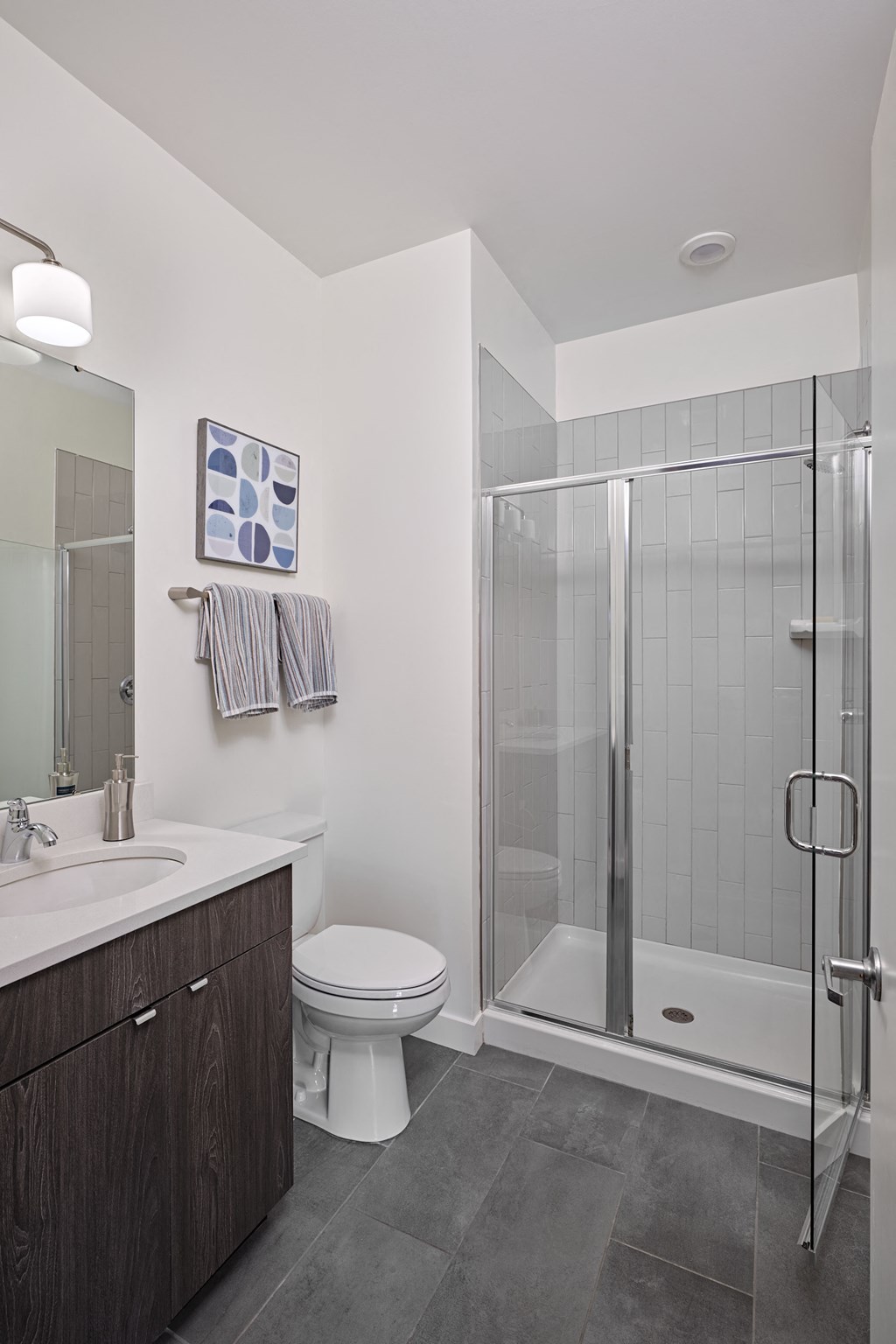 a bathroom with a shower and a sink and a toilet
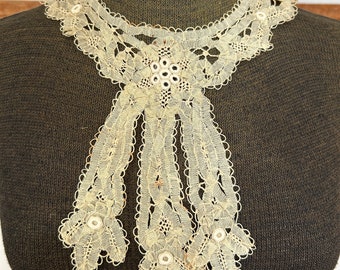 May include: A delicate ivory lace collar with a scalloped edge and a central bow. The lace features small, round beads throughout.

---

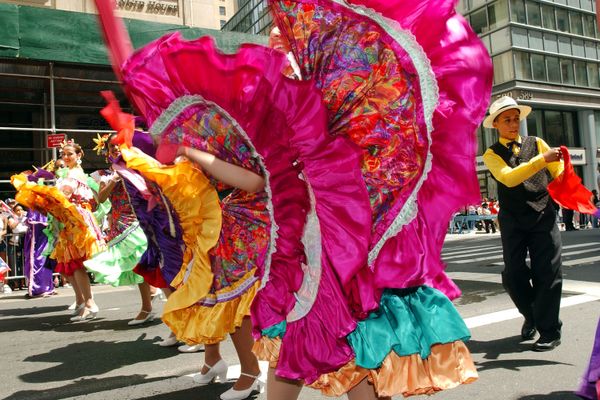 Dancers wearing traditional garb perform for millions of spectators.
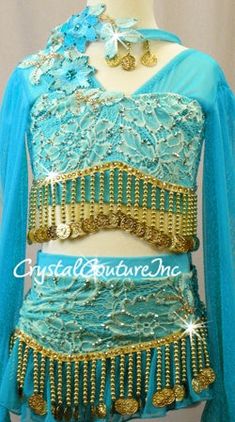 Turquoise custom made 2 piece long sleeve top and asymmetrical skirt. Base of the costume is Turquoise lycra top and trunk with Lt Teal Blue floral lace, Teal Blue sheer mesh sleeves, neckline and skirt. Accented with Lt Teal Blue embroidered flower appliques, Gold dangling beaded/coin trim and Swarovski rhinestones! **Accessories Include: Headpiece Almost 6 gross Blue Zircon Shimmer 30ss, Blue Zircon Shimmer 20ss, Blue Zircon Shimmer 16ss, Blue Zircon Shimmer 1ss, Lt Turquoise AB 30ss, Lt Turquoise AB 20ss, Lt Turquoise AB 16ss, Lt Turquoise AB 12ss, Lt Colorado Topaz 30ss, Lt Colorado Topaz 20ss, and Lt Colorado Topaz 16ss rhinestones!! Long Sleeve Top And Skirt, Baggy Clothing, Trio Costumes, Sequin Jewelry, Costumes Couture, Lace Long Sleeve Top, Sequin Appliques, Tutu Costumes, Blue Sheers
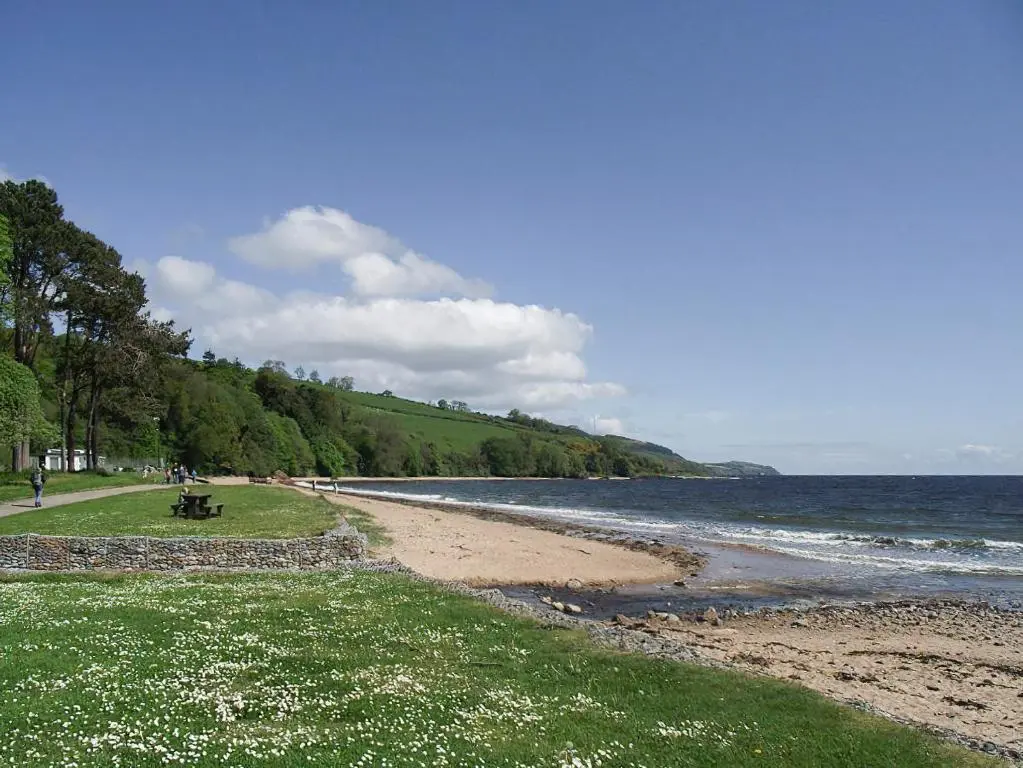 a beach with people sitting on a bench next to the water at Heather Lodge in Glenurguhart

- _WHAT IS REQUIRED_
Give back, exactly and without pictures, the stretch of the records above from the line containing "a bathroom with" through the line containing "May include: A", with both end lines included.

- _RESPONSE TO THIS EXERCISE_
 a bathroom with a shower and a sink and a toilet
 May include: A delicate ivory lace collar with a scalloped edge and a central bow. The lace features small, round beads throughout.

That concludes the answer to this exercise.